EXERCISE GOAL: Output the whole listing with nothing altered.

AVAILABLE DATA:
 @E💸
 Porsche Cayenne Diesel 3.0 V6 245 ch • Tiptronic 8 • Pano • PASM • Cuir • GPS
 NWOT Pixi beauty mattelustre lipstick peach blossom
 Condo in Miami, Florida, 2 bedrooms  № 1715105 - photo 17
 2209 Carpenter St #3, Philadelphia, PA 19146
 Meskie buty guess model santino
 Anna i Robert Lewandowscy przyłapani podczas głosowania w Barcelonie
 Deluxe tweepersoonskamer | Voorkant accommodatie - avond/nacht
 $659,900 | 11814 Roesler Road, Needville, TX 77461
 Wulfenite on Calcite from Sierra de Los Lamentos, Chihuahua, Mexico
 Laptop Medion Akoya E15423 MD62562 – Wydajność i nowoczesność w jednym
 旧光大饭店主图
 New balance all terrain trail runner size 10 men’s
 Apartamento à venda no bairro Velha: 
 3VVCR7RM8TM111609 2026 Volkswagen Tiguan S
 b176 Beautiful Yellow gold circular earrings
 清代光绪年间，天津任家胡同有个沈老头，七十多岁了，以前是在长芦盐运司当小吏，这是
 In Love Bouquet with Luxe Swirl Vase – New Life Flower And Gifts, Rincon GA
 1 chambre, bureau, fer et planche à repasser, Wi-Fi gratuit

SOLUTION:
 @E💸
 Porsche Cayenne Diesel 3.0 V6 245 ch • Tiptronic 8 • Pano • PASM • Cuir • GPS
 NWOT Pixi beauty mattelustre lipstick peach blossom
 Condo in Miami, Florida, 2 bedrooms  № 1715105 - photo 17
 2209 Carpenter St #3, Philadelphia, PA 19146
 Meskie buty guess model santino
 Anna i Robert Lewandowscy przyłapani podczas głosowania w Barcelonie
 Deluxe tweepersoonskamer | Voorkant accommodatie - avond/nacht
 $659,900 | 11814 Roesler Road, Needville, TX 77461
 Wulfenite on Calcite from Sierra de Los Lamentos, Chihuahua, Mexico
 Laptop Medion Akoya E15423 MD62562 – Wydajność i nowoczesność w jednym
 旧光大饭店主图
 New balance all terrain trail runner size 10 men’s
 Apartamento à venda no bairro Velha: 
 3VVCR7RM8TM111609 2026 Volkswagen Tiguan S
 b176 Beautiful Yellow gold circular earrings
 清代光绪年间，天津任家胡同有个沈老头，七十多岁了，以前是在长芦盐运司当小吏，这是
 In Love Bouquet with Luxe Swirl Vase – New Life Flower And Gifts, Rincon GA
 1 chambre, bureau, fer et planche à repasser, Wi-Fi gratuit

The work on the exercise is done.